■ **EXERCISE DESCRIPTION**
Output, exactly and in full, only the lines from the one containing "Realizan trabajos para" to the last line of the data. Pictures should not appear.
___
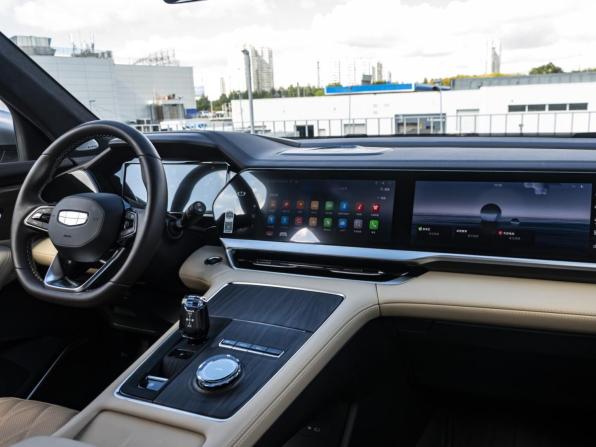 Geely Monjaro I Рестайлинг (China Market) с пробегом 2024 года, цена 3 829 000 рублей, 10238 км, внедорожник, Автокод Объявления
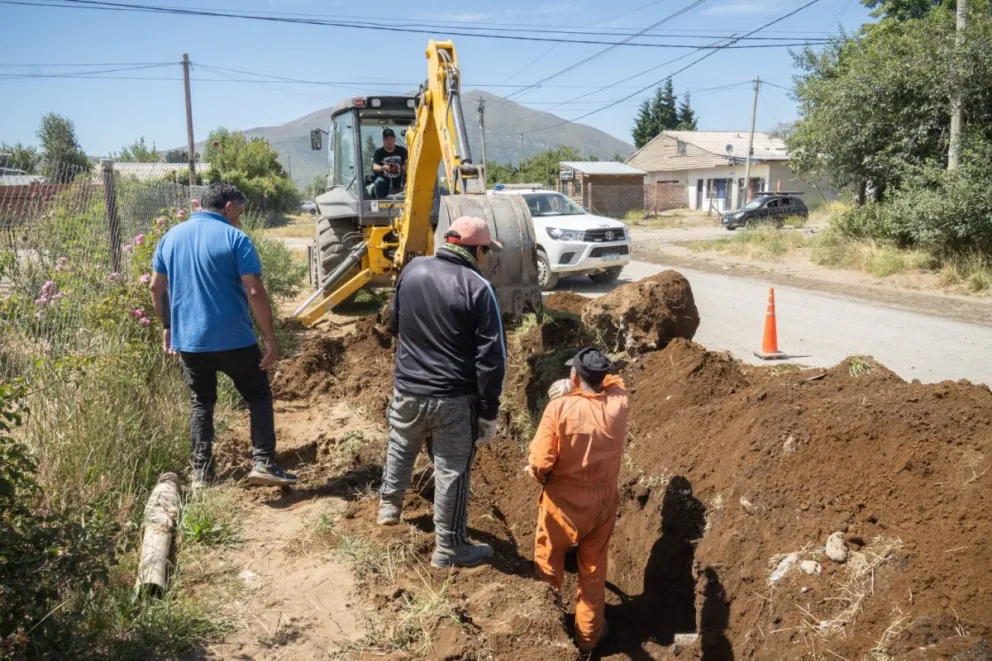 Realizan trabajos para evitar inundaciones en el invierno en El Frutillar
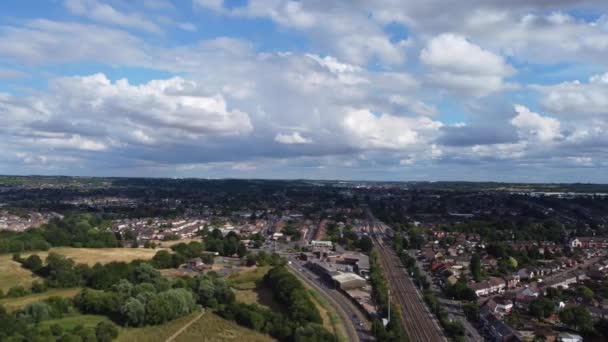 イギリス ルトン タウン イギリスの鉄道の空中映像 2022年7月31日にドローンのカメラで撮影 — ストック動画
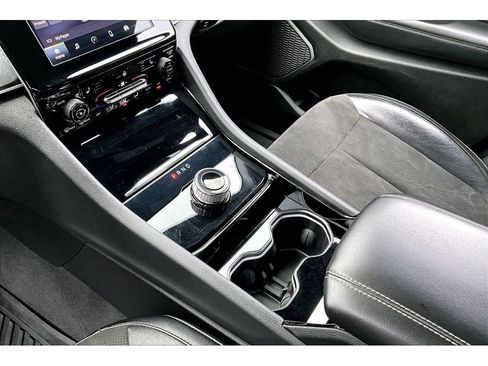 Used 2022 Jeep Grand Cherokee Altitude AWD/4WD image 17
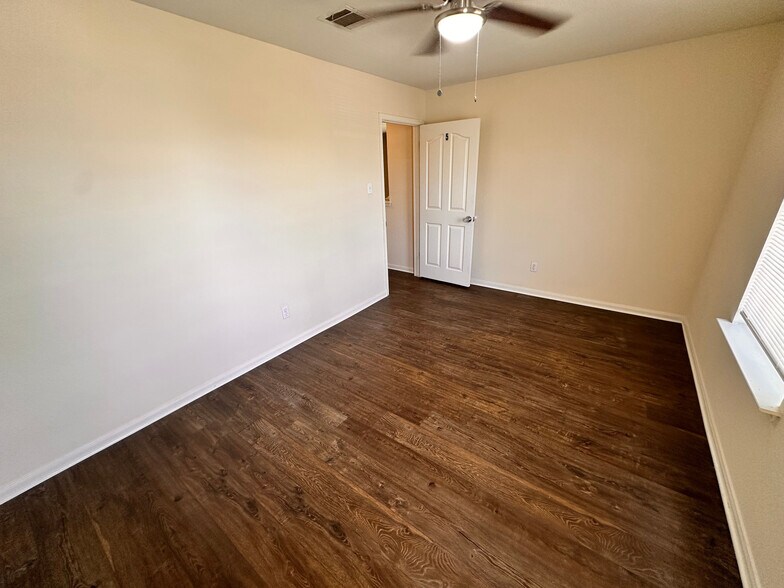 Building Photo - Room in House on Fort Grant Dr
___
■ **RESPONSE**
 Realizan trabajos para evitar inundaciones en el invierno en El Frutillar
 イギリス ルトン タウン イギリスの鉄道の空中映像 2022年7月31日にドローンのカメラで撮影 — ストック動画
 Used 2022 Jeep Grand Cherokee Altitude AWD/4WD image 17
 Building Photo - Room in House on Fort Grant Dr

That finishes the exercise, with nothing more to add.